We do service by staying abstinent. Abstinence gives us freedom from compulsion and obsession with food so that we can be available to others. Any service that reaches a fellow sufferer adds to the quality of our own recovery. We are promised a life of sane and happy usefulness as a result of working the Twelve Steps. Service fulfills that promise.

THE PROMISES

If we are painstaking about this phase of our development, we will be amazed before we are halfway through. We are going to know a new freedom and a new happiness. We will not regret the past nor wish to shut the door on it. We will comprehend the word serenity and we will know peace. No matter how far down the scale we have gone, we will see how our experience can benefit others. That feeling of uselessness and self-pity will disappear.
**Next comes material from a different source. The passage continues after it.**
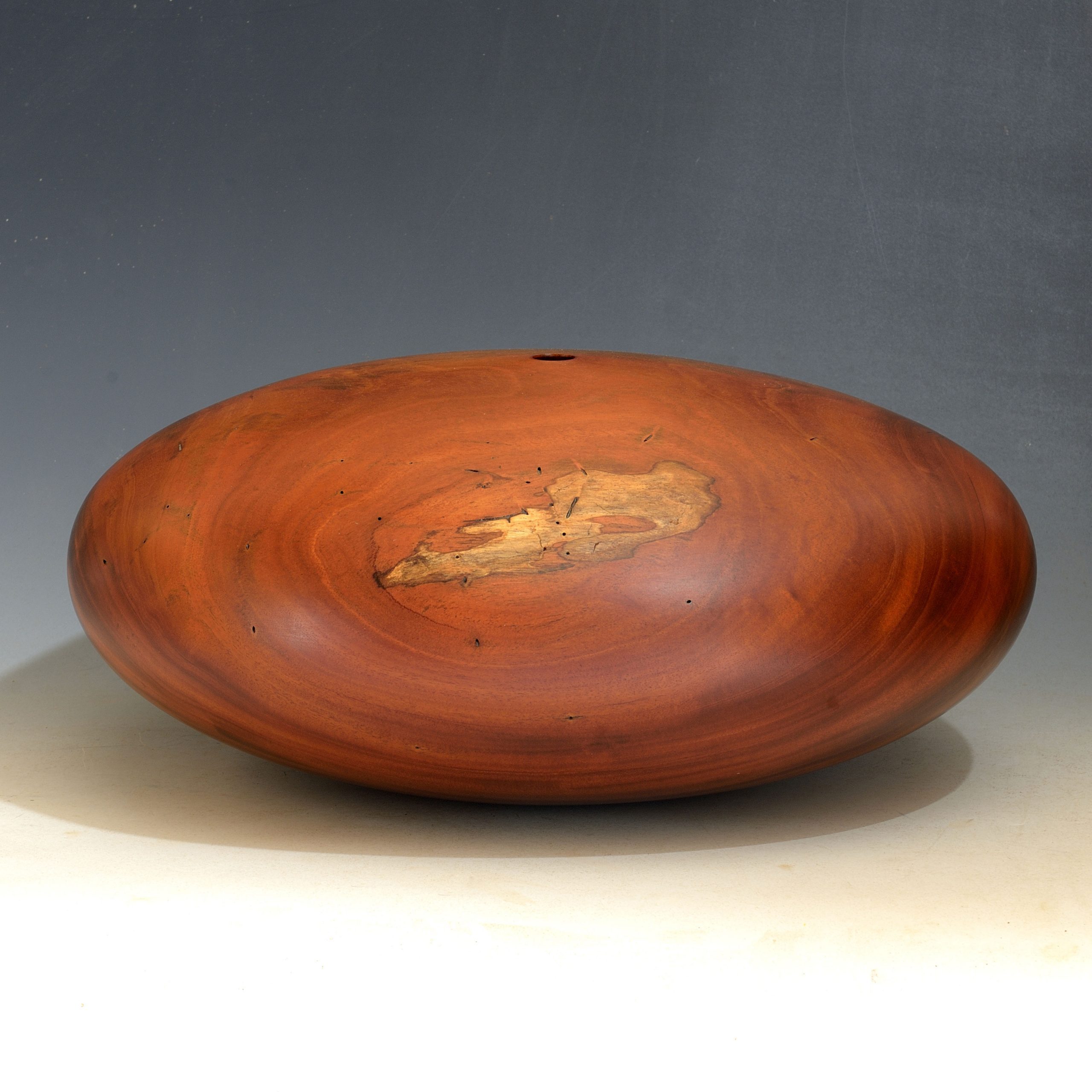 Gordon Browning, Red Desert, 2010, Cuban Mahogany, 6.75x16x16 inches, collection of the artist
We will lose interest in selfish things and gain interest in our fellows. Self-seeking will slip away. Our whole attitude and outlook on life will change. Fear of people and of economic insecurity will leave us. We will intuitively know how to handle situations which used to baffle us. We will suddenly realize that God is doing for us what we could not do for ourselves.

Are these extravagant promises? We think not. They are being fulfilled among us—sometimes quickly, sometimes slowly. They will always materialize if we work for them.

SERENITY PRAYER

God, grant me the serenity to accept the things I cannot change, courage to change the things I can, and wisdom to know the difference.